I thought I would start with a stat that is slightly more obscure than, say, WAR, but is both useful and extremely relevant: BABIP. BABIP stands for Batting Average on Balls In Play, which is a measurement of how many non-home run “balls in play” end up as hits. In other words, the stat provides a numerical measurement of how many balls put in play by a specific hitter end up as, for example, seeing-eye singles versus ropes straight to the center fielder. The numbers factored into the BABIP equation include strikeouts, hits, home runs and fly outs (I cannot BELIEVE I’m doing this, but here is the equation below, courtesy of FanGraphs).
BABIP = (H – HR)/(AB – K – HR + SF)
“The numerator is the number of hits minus the number of home runs and the denominator is at bats minus strikeouts and home runs with sacrifice flies added back in.” – FanGraphs
There are three major on-field factors that influence BABIP: defense, luck and talent. If the batter is facing a more skilled defender, perhaps one withs faster reflexes or a stronger arm, then the ball in play might become an out rather than a single. The luck of whether a batter hits into a shift, for example, or hits a ball slightly out of a fielder’s reach, is also a factor. And, of course, talent-based factors such as exit velocity and the ability to hit both sides of the plate also play a role in BABIP.

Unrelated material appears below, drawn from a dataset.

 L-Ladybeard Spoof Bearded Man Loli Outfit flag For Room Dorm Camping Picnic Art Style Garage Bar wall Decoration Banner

BABIP is a difficult stat to use on its own because of these uncontrollable factors that go into whether or not a ball in play ends up as a hit. Therefore, BABIP is best used in context with a given hitter’s average BABIP over many at-bats. Because the league BABIP average is .300 for a hitter, it is safe to say that a player whose career average BABIP is significantly above .300 is especially skilled at turning contact into hits. Whereas an altered BA over the course of a few weeks most likely signifies either a slump or a streak, the fluctuations of BABIP over a few weeks or a month could be the result of bad luck or good defense rather than talent.

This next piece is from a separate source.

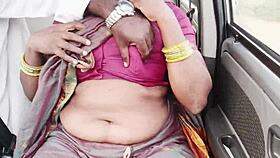 House maid with big boobs enjoys car ride and dirty Telugu talk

The BABIP stat also exists for pitchers, but requires about a season more of stats to calculate than would an accurate career hitting BABIP. Pitching BABIP is also much more reliant on the pitchers’ team, as his own defense plays a significantly higher role in his BABIP.
Interestingly enough, both Jose Altuve and Aaron Judge, two vastly different players in terms of build, position and overall strengths, boast the third and fourth highest BABIPs in the Majors right now, respectively (behind Chris Taylor and Ben Gamel). Judge is a dominant outfielder and loping power-hitter; Altuve is a small and quick, but still boasts 15 home runs and a .367 season BA. It is likely that Altuve’s speed and Judge’s power (exit velocity) produce similar BABIP results.
In other words, there is more than one way to put balls in play.